Copy, word for word, the lines below from the one containing "Make sure you" up to and including the one containing "The new next-gen", with pictures left out.

_THE RECORDS_
• • • • • • •

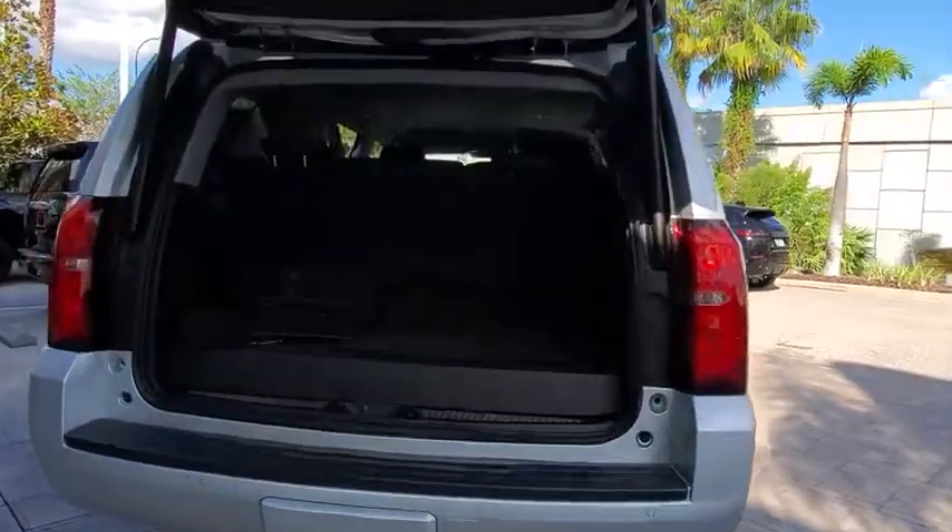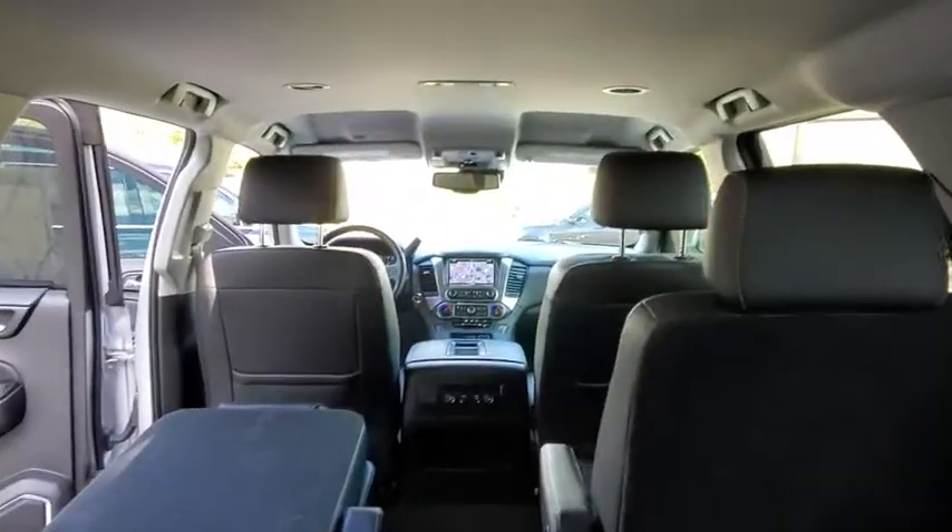This vehicle has less than 40,000 miles. Here are some of this vehicle's great options.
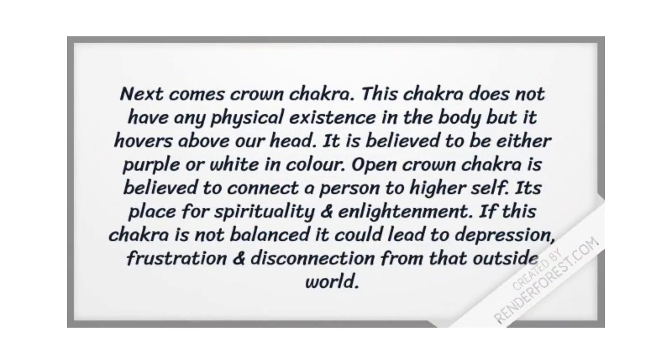Next comes the crown chakra. This chakra does not have any physical existence in the body, but it extends above the head. It is believed to be purple or white in color. An open crown chakra is believed to connect a person to a higher side — it is the place for spirituality and enlightenment. If this chakra is not balanced, it could lead to depression, frustration, and disconnection from the outside world.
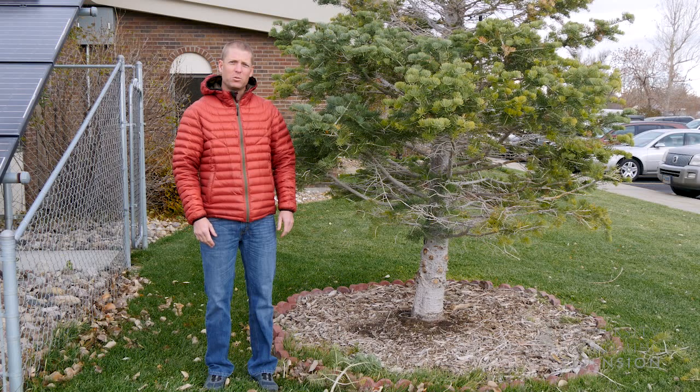We don't have a lot of evergreen species in Wyoming, but lots of times they get confused quite easily. Next to me we have a fir tree, but sometimes they get confused with spruce trees.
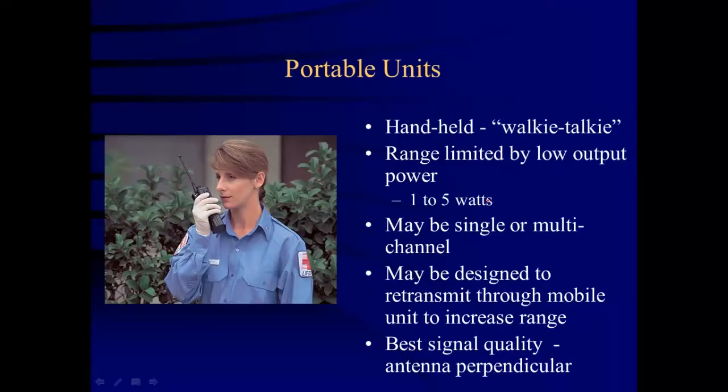Make sure you recognize the difference between a mobile unit and a portable unit. Portable means you can pick it up and move it easily. A portable unit is what you clip on your belt — it's a handheld portable radio. Do not call it a walkie-talkie; it is a portable radio.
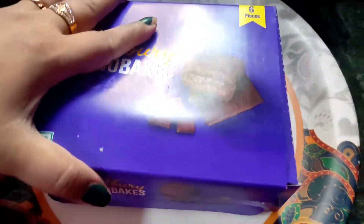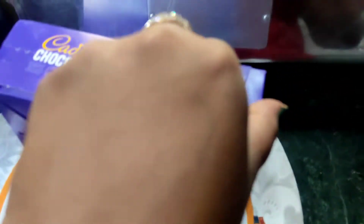I think it has a 6-month expiry, about 6 to 7 months shelf life. Let's see how it is — let's open it.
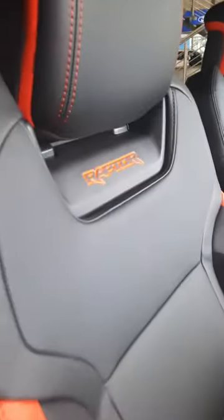The new next-gen Raptor. For more than one bar, you get a unique and styling interior.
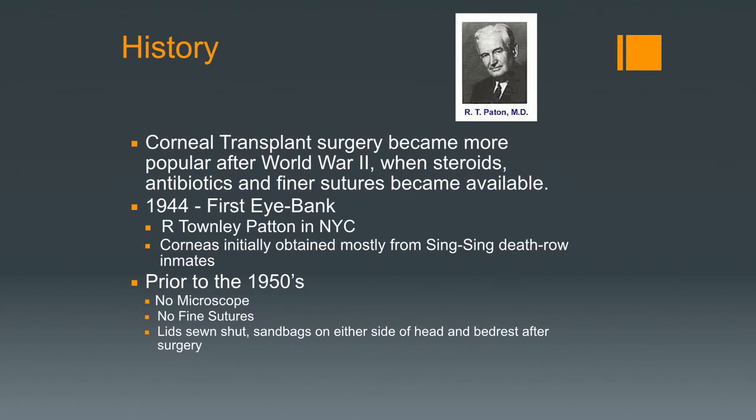Corneal transplant surgery became more popular after World War II when steroids, antibiotics, and finer sutures started to become available. The first eye bank was established by R. Townley Paton in New York — the Eye Bank for Sight Restoration — and they're still around as a very active eye bank. The early corneas were obtained from death row inmates at Sing Sing prison. Things have changed a lot in eye banking since that time.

• • • • • • •

_ANSWER SECTION_
Make sure you recognize the difference between a mobile unit and a portable unit. Portable means you can pick it up and move it easily. A portable unit is what you clip on your belt — it's a handheld portable radio. Do not call it a walkie-talkie; it is a portable radio.
I think it has a 6-month expiry, about 6 to 7 months shelf life. Let's see how it is — let's open it.
The new next-gen Raptor. For more than one bar, you get a unique and styling interior.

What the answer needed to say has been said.